*Work to be completed*.
Your answer must be the exact lines of the listing below that run from the line with "Septic pumping technician" to the line with "Scenic view of", ends included, and no pictures.

*Supplied entries*.

= = = = = = =

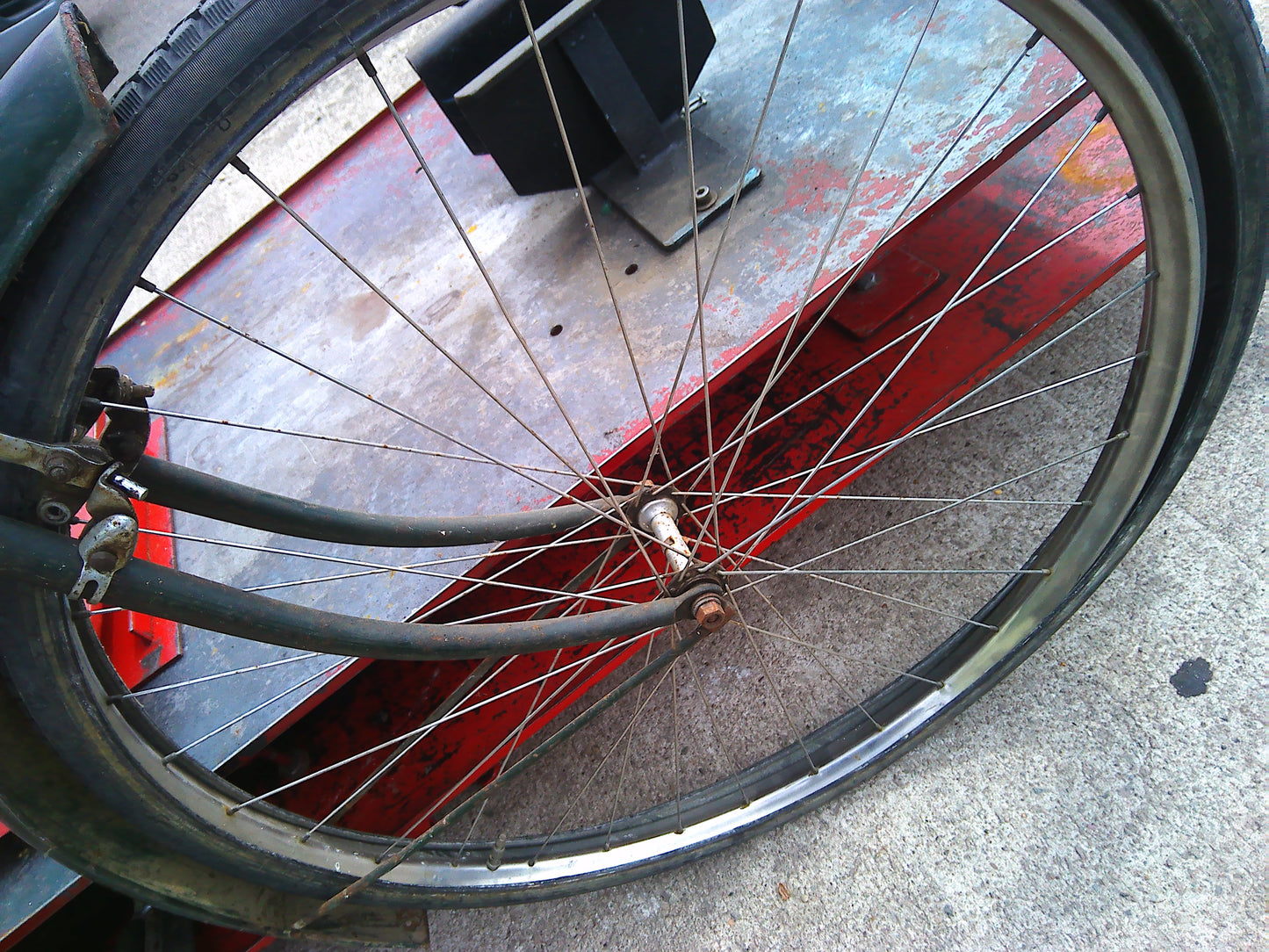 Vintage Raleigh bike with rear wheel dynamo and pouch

= = = = = = =

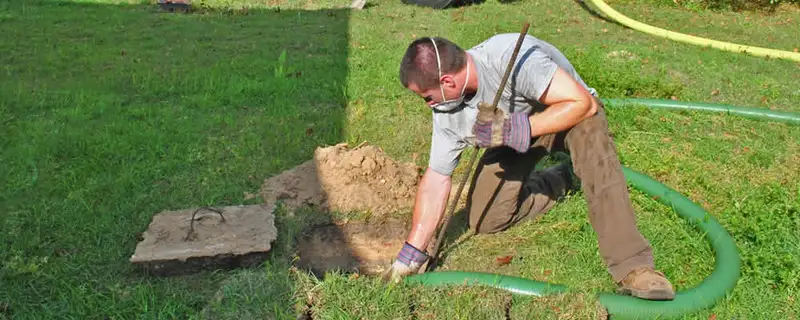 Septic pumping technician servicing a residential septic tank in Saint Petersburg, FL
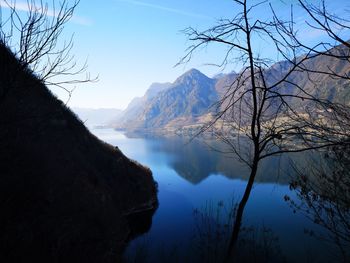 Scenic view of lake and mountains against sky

= = = = = = =

*Written response*.
 Septic pumping technician servicing a residential septic tank in Saint Petersburg, FL
 Scenic view of lake and mountains against sky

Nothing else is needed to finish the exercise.